Seven seconds is the perfect size for a sound bite in a news story, a headline and subheads, or a Tweet.

Once you’ve won an audience’s interest with a 7-second message, a Message Map makes it easy to scale up to 2 minutes, 5 minutes, 20 minutes or more – with complete consistency.

A Message Map is fractal
A Message Map uses a fractal structure, repeating the same form as it branches out.

The structure of a Message Map is fractal. Fractals build by repeating the same form over and over, branching it out.

A Message Map starts in the center with one main message or home base. Home base is supported by 3 or 4 positive points. Each positive point is supported by 3 or 4 proof points. Each proof point can be supported by 3 or 4 exampless. It’s easy to see the fractal pattern in a 5-level Message Map.

Each point in a Message Map links to a higher level of the message, all the way back to home base. Each point also may be supported by lower-level points.

Points radiate from home base to the outer layer. In a Message Map, points always connect radially all the way back to home base (rather than connecting between unrelated branches).

As your story progresses from center to the outside of the map, it grows more granular.

Examples include facts, quotes, quips and anecdotes that support the story. They form the outer layer of a Message Map. Quantitative data usually gravitates toward the outer layer.

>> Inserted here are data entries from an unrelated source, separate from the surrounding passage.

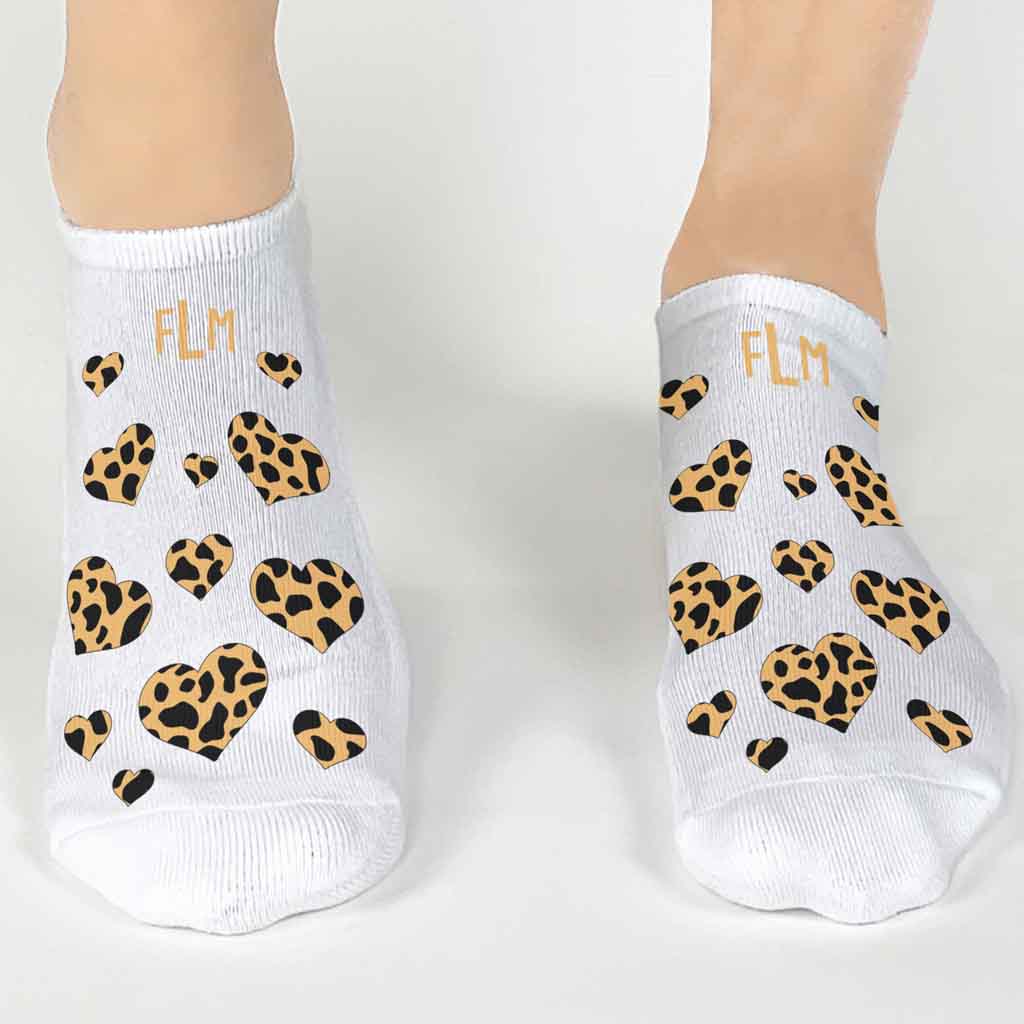 Personalized monogram socks with animal print heart design digitally printed on the top of no show socks in a 3 pair gift box set.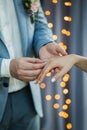 Man wearing wedding ring on woman hand close up. Wedding ceremony vows. Royalty Free Stock Photo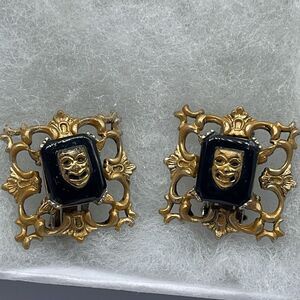 Vintage mask ornate clip earrings.
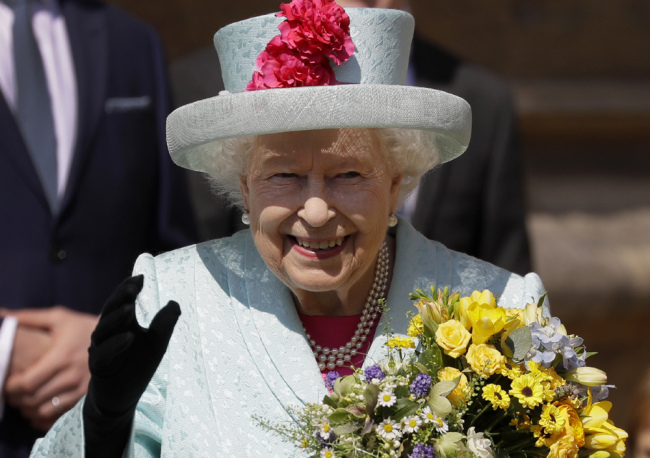 Britain's Queen Elizabeth II waves to the public as she leaves after attending the Easter Mattins Service at St. George's Chapel, at Windsor Castle in England Sunday, April 21, 2019. [Photo: AP]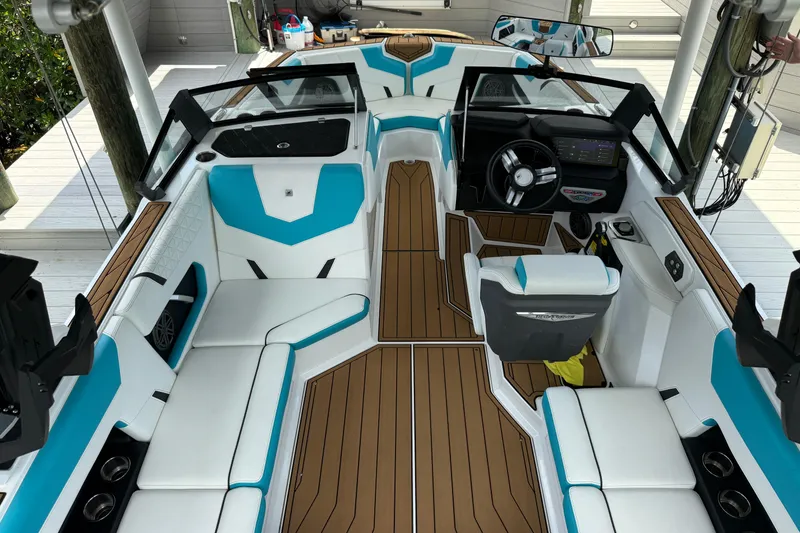 Slide: The Image of 2024 Nautique Super Air Nautique GS20 boat interior with white and blue seating, brown flooring. - 12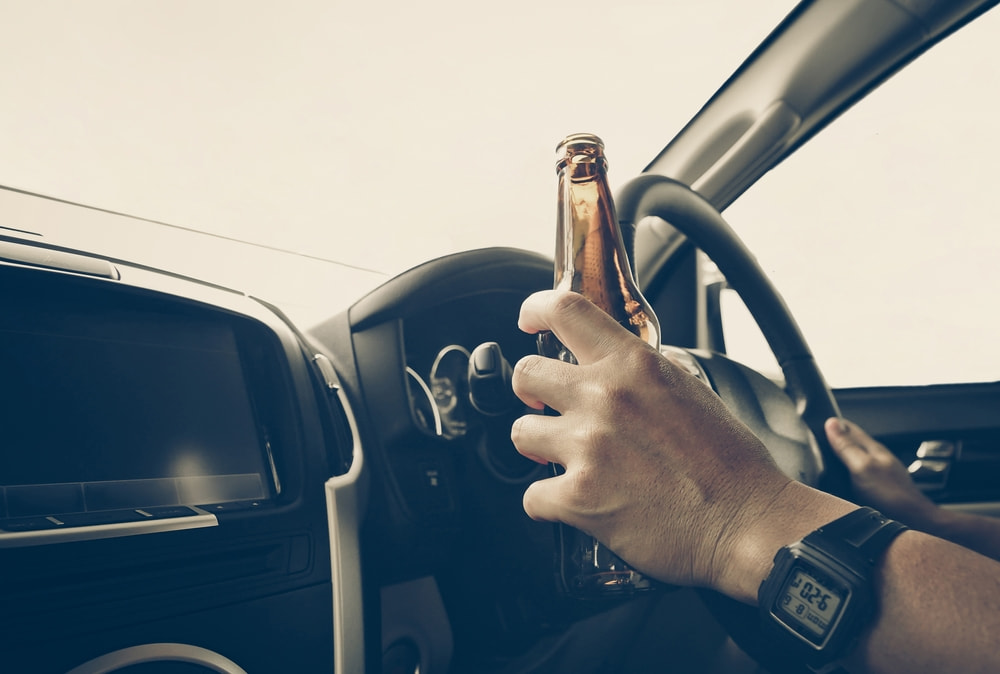 Conductor que sujeta una botella de cerveza mientras conduce un vehículo
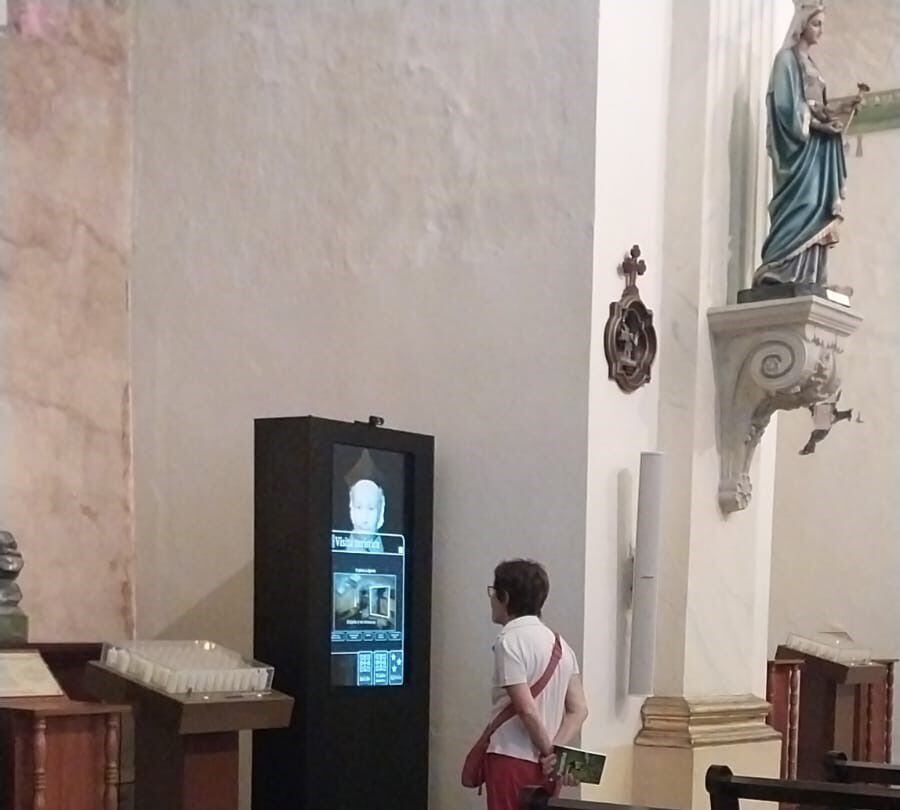 Una visitante, interactúa con el asistente virtual en el Oratorio San Felipe Neri. Cortesía.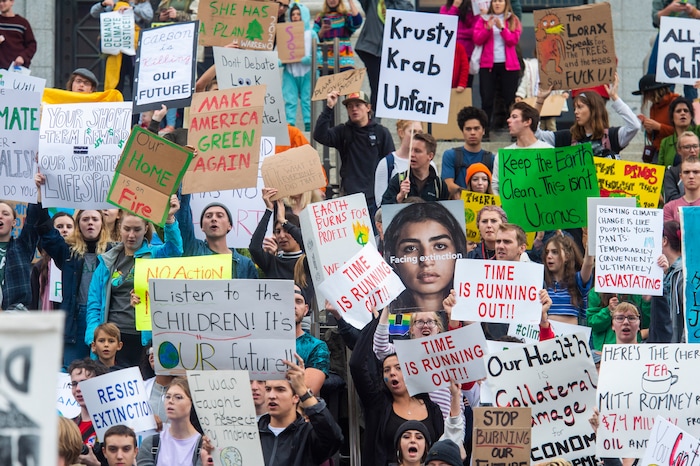(Rick Egan  |  The Salt Lake Tribune)      Hundreds of students from around the state chant and sing as they gather on the steps of the Utah State Capitol Building, demanding action on the climate crisis. Friday, Sept. 20, 2019.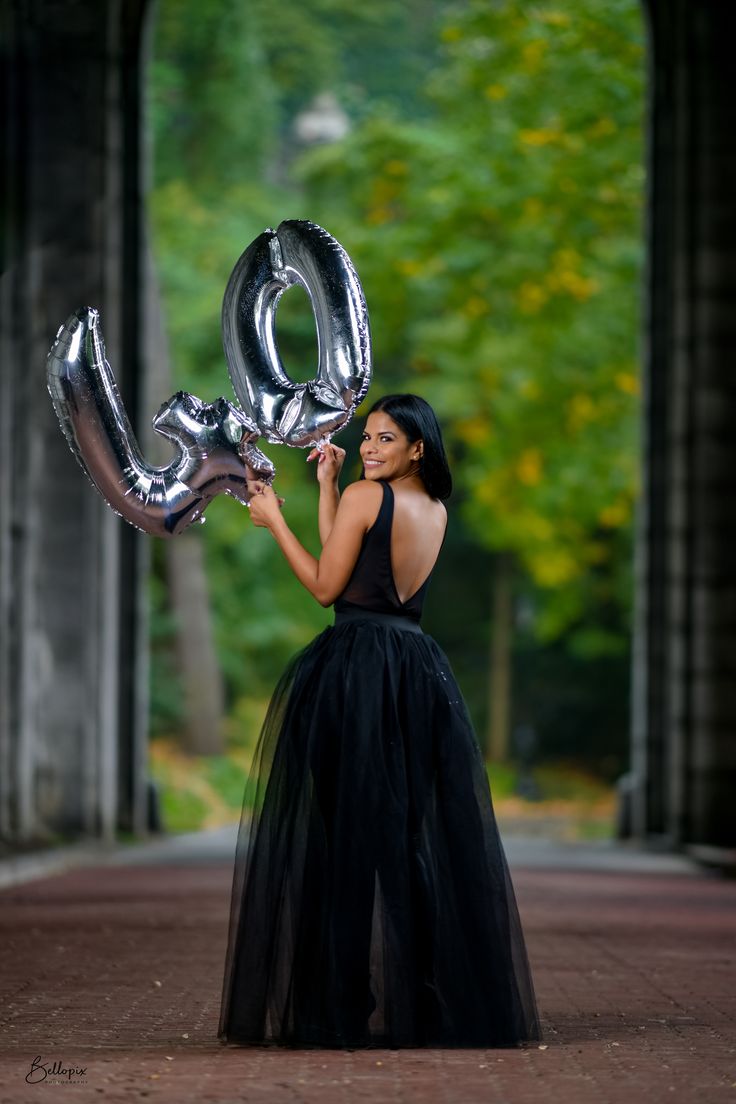 a woman in a black dress is holding some silver balloons that spell out the word love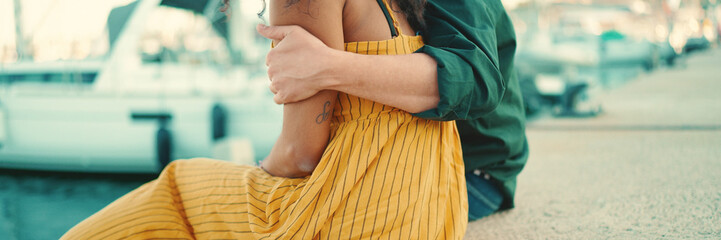 Close-up, a man hugs a woman and strokes her hand. Closeup of happy interracial couple are sitting...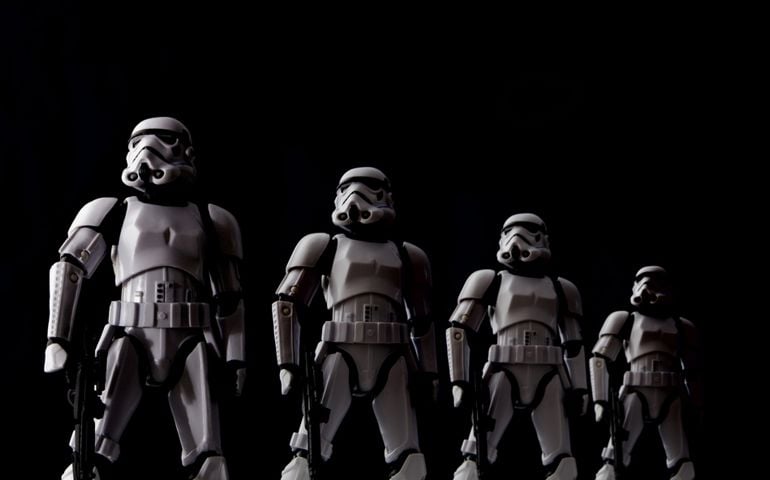 Star Wars Stormtroopers lined up with dramatic lighting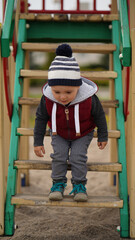 Little child descending on a ladder in a children's town
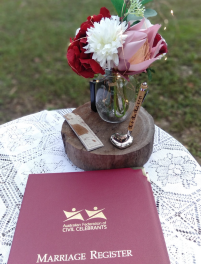Marriage register and decorations on registry table at wedding in Townsville with celebrant Amanda Medill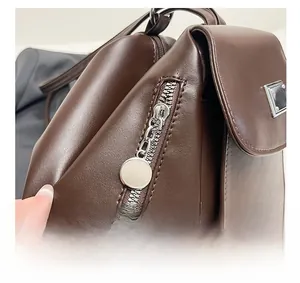 Close-up of smooth metal zipper and silver logo plate on dark brown leather backpack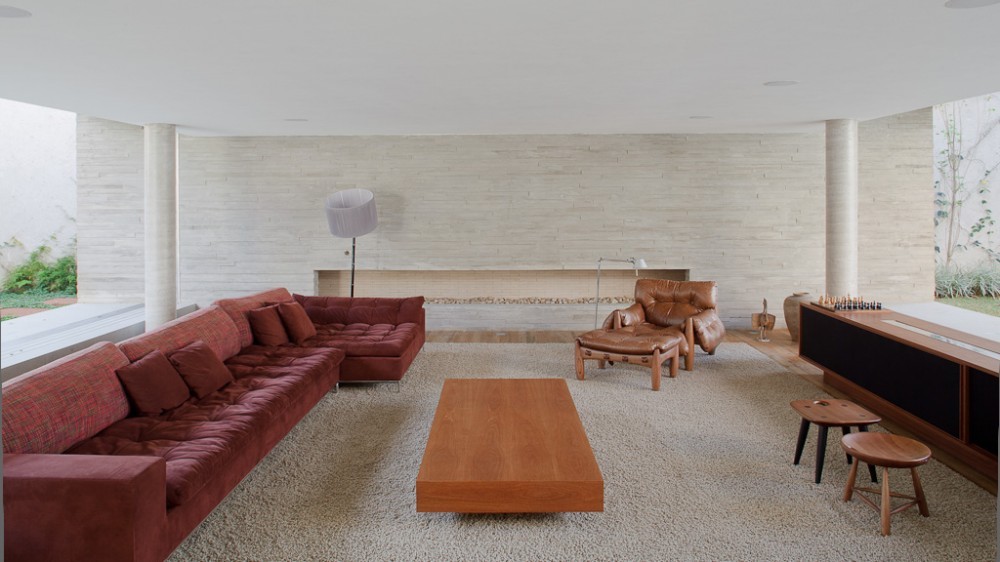 Living room with a long burgundy tufted sofa, low timber coffee table and leather armchair on a shaggy cream rug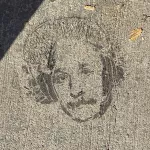 OR Portland Einstein with headphones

Message Maps work in both directions – inside-out as a storytelling tool and outside-in as a Q&A tool.

  • Inside-out: When you tell your story, begin at home base and work your way to the outside of the map.
  • Outside-in: As you answer questions, begin with the relevant data point on the outside layer, then work your way through the connecting points back to your home base.

Either way, you’re prompted to repeat your home base enough times for it to sink in with the audience.

Readability by grade level
Message Maps prompt you to tell a story simply, so most people can follow it.

Why’s it so important to keep your words plain and simple? Studies show that 100% of Americans can understand a 7-word sentence. But as sentences grow longer, fewer and fewer people comprehend them.

Make Message Maps simple and you can expand your addressable audience.

The best Message Maps are inclusive. The best stories address all your stakeholders – customers, investors, employees and influencers – with one unified, consistent message. Don’t create separate messages for each audience, since that may add fuel to stakeholder conflicts.

A good Message Map makes your story more simple, human and scalable. So, you can win your audiences’ attention and address their needs. That makes a story they’ll remember.